• _The task_: Leave the pictures aside. Retype exactly the lines from the top of the data below through the one holding "Jump on there".
----- Entries provided
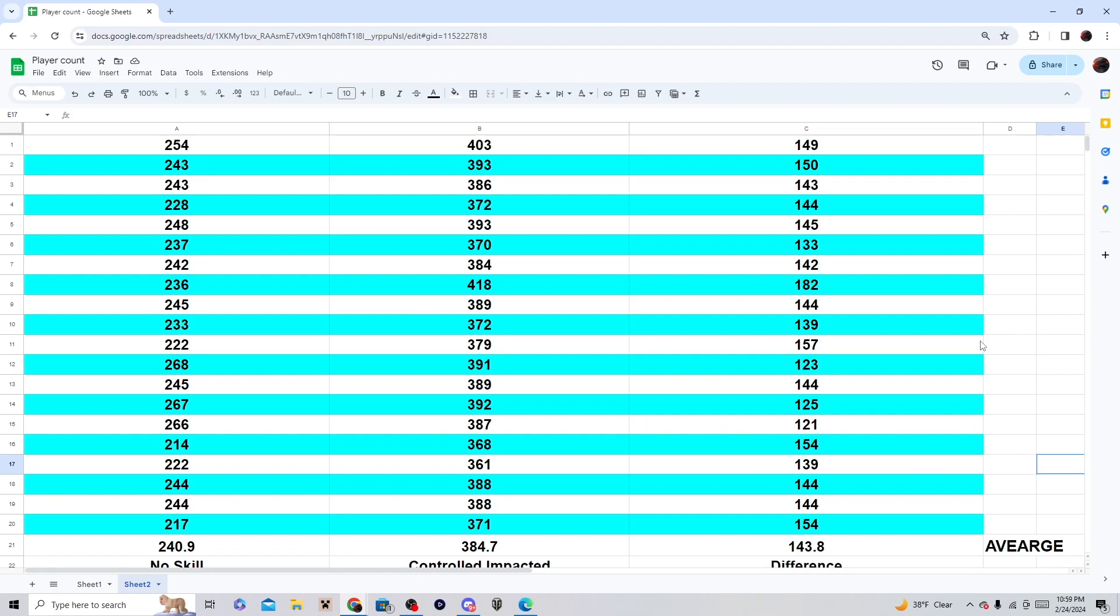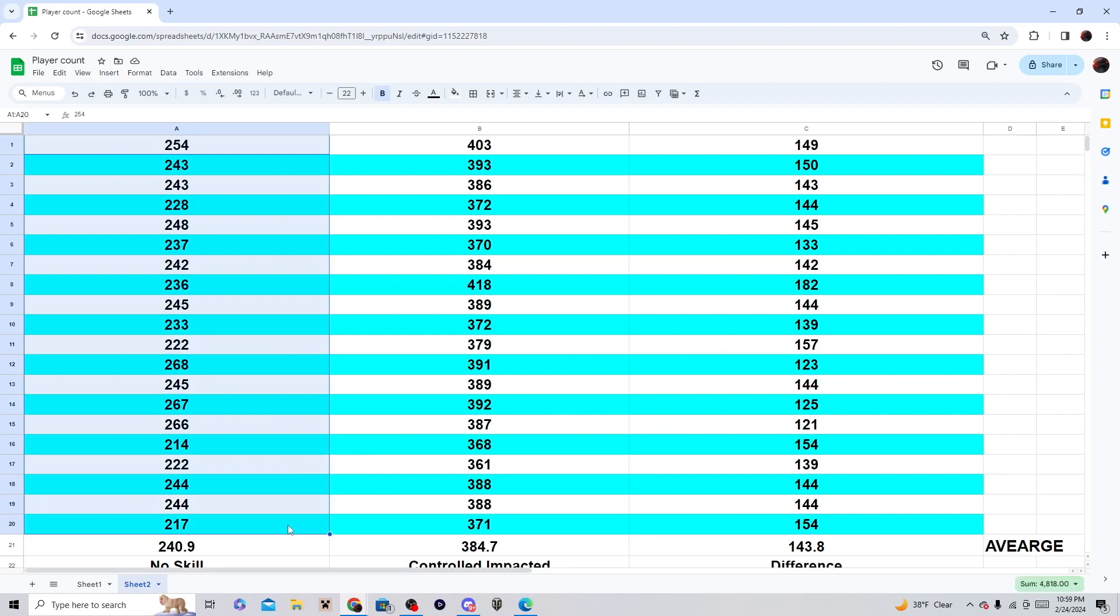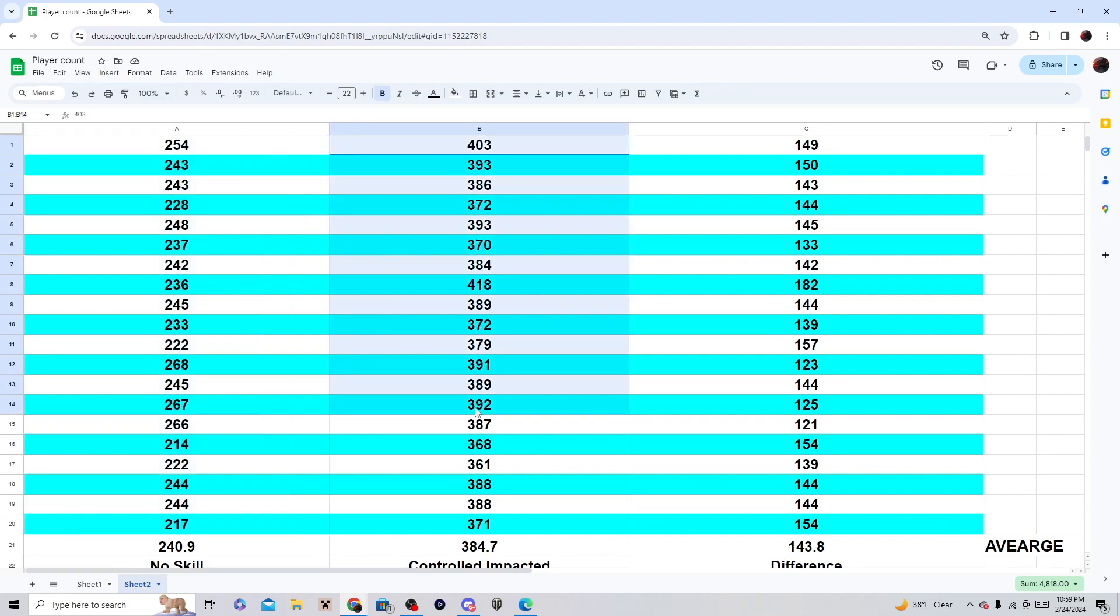I actually have some stats here. I did it 20 times. As you can see, the ones on the left is the tank that had no skill. This tank right here had nothing, it didn't have the skill.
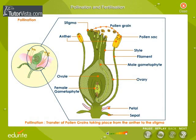Observe the diagrammatic representation of pollination carefully. The transfer of pollen grains from the anther to the stigma of the same flower or of another flower is called pollination.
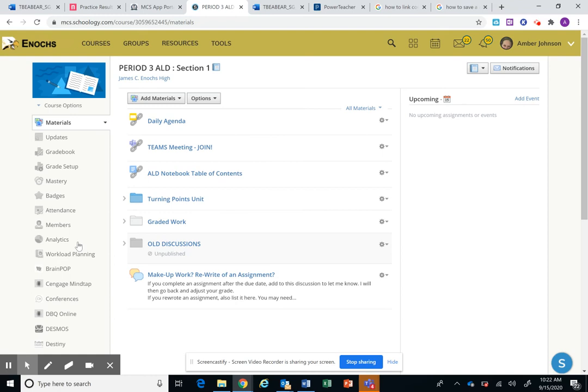Jump on there and I will help you. Otherwise, once you get to your new class, you're going to do the discussion post that will be listed at the top so that we can move on and all work from this class instead.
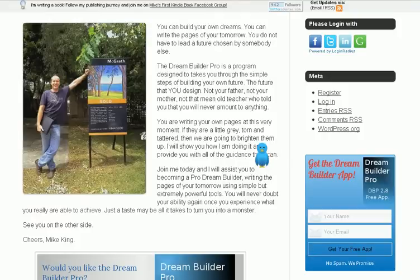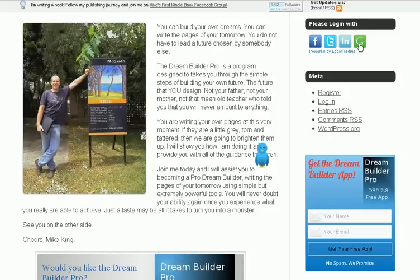I always wanted to have one of these little social login sections on my website, rather than having people click on login or register and go through the whole rigmarole of that. I just wanted them to be able to click on Facebook, Twitter, LinkedIn, or a Google account — and there are other ones that can be used as well, but these are the main ones.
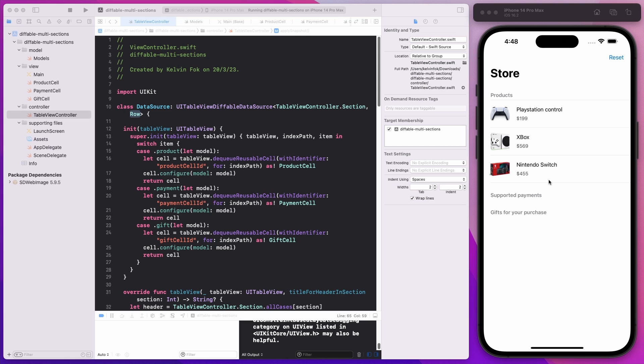I showed you how you can convert an existing legacy implementation into one which is using the Diffable Data Source. And I figured out that this Diffable Data Source API has to be more powerful to cater for a more complex use case. I want to illustrate that because I just built up this very simple POC to show you how you can support multi-sections.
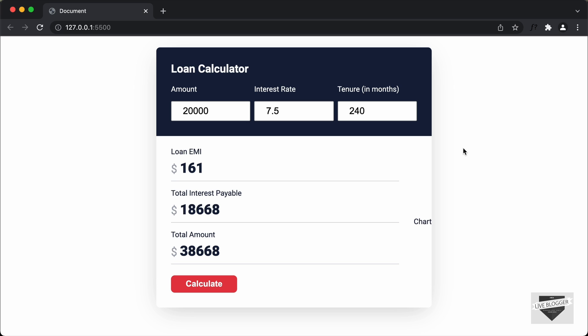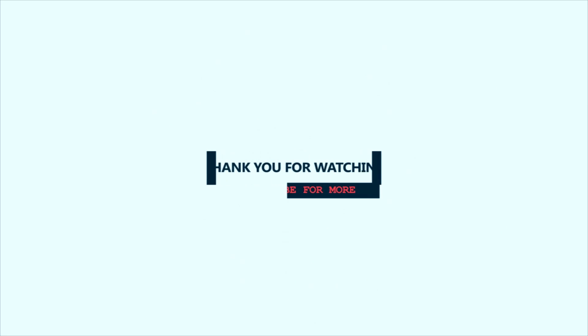That's basically how you write the code to calculate EMI using JavaScript. In the next video, I'll show you how to add a chart that displays the total interest payable and the total amount. If you have any doubts, ask in the comments below. If you like this video, please click the like button and subscribe to the channel for the latest updates. Thanks a lot for watching. Have a nice day. Bye.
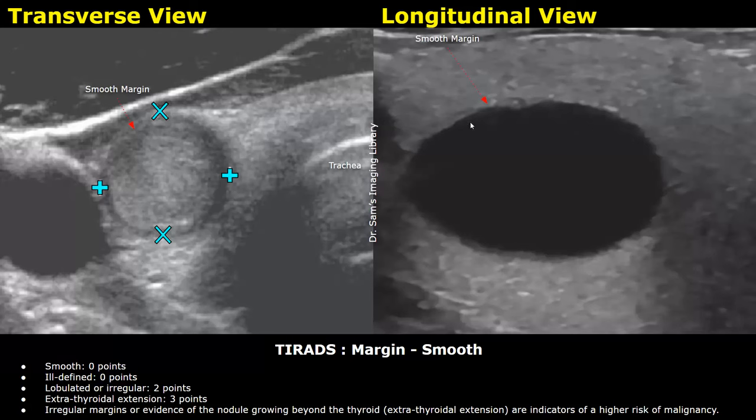The next type of echogenic foci are macro calcifications, given one point. These nodules are filled with hyperechoic calcifications. Macro calcifications are usually associated with posterior acoustic shadowing and are slightly concerning.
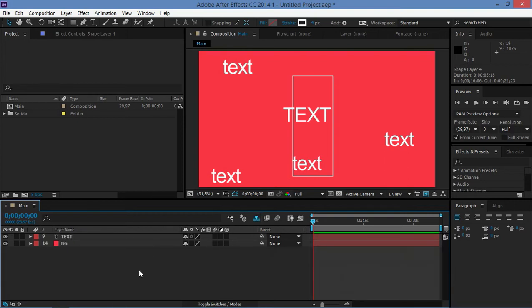as you can see all of those layers have disappeared, leaving me with a clean composition to work in.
----------
• _Exercise result_:
I actually have some stats here. I did it 20 times. As you can see, the ones on the left is the tank that had no skill. This tank right here had nothing, it didn't have the skill.
Observe the diagrammatic representation of pollination carefully. The transfer of pollen grains from the anther to the stigma of the same flower or of another flower is called pollination.
Jump on there and I will help you. Otherwise, once you get to your new class, you're going to do the discussion post that will be listed at the top so that we can move on and all work from this class instead.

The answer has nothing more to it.